This situation is further complicated when acknowledgement is made of just how enormous and diverse this “community” actually is. Indigenous people in Canada include First Nations, Inuit, and Métis. Each of these distinct groups consist of unique peoples as well but they are all collectively referred to as “Indigenous.” First Nations people are further divided into Status and Non-status Indians. This faction also consists of people who live on reserves and those who choose to move their residence to larger cities. In some cases First Nations members choose to reside both on-reserve and off, and migrate back and forth. Within each of these unique populations, rates of suicide differ. Some communities have few or no suicides, while others like some Inuit settlements in our nation’s north — have the highest suicide rates in the world.
So why are some Indigenous groups so much more at risk for suicide than other Canadian communities?
Impact of Colonialism
The historical events of colonialism, which continue to affect Indigenous peoples today, cannot be overstated. Various policies of forced assimilation have assaulted and suppressed Indigenous culture for as long as Canada has existed as a nation. An informative and witty account of this history by Indigenous writer, Thomas King, which I highly recommend, was published in 2012.
The introduction of the reservation era in the 19th century, the residential school experience of the 20th century and the forced adoption policies of the 1960s and 1970s (also known as the “sixties scoop”) are just three of the more egregious injustices perpetrated by the Canadian government. The eradication of culture and loss of language, erosion of traditional values, and the disintegration of traditional family structure are all long-term results of these policies. They have passed down through the decades like colonial heirlooms. This effect is often referred to as intergenerational trauma, and it has left many communities once proud cultural traditions buried deep and nearly smothered from years of shame and persecution. Some traditions, for example the speaking of distinct languages in certain areas, have been irretrievably lost forever (Kirmayer, 2007; Elias, 2012).

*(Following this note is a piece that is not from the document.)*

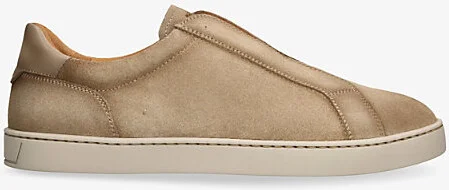 Mens Beige Laceless Suede Low-Top Trainers Eur 43 / 9 Uk Men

The historical events of colonialism, which continue to affect Indigenous peoples today, cannot be overstated.
This was, and remains, dislocation on a grand scale: diverse groups of Indigenous peoples estranged from their land, culture, and heritage. This dislocation has historically created a psychological and social breakdown in many communities, causing feelings of marginalization, isolation, and hopelessness. Psychologist Bruce Alexander posits a theory of dislocation which states that those who are marginalized and “dislocated” will be more prone to states of despair and serious afflictions such as addiction. Additionally, states of “severe, prolonged dislocation regularly lead to suicide”. And this dislocation need not only be geographical in nature — it can also result from the suppression of one culture by a dominating one. Obviously, this is applicable to any displaced or alienated group of people. Oppressed and marginalized peoples, be they in New Zealand, the United States, or here in Canada, will react in predictable ways. High rates of depression and mental illness, feelings of hopelessness, high incidence of substance abuse, sexual abuse and violence, are just a few of the behavioural predictors that result from oppression. Ultimately, the manifestations of such a dispiriting environment may also result in suicide (Alexander, 2008; Elias, 2012).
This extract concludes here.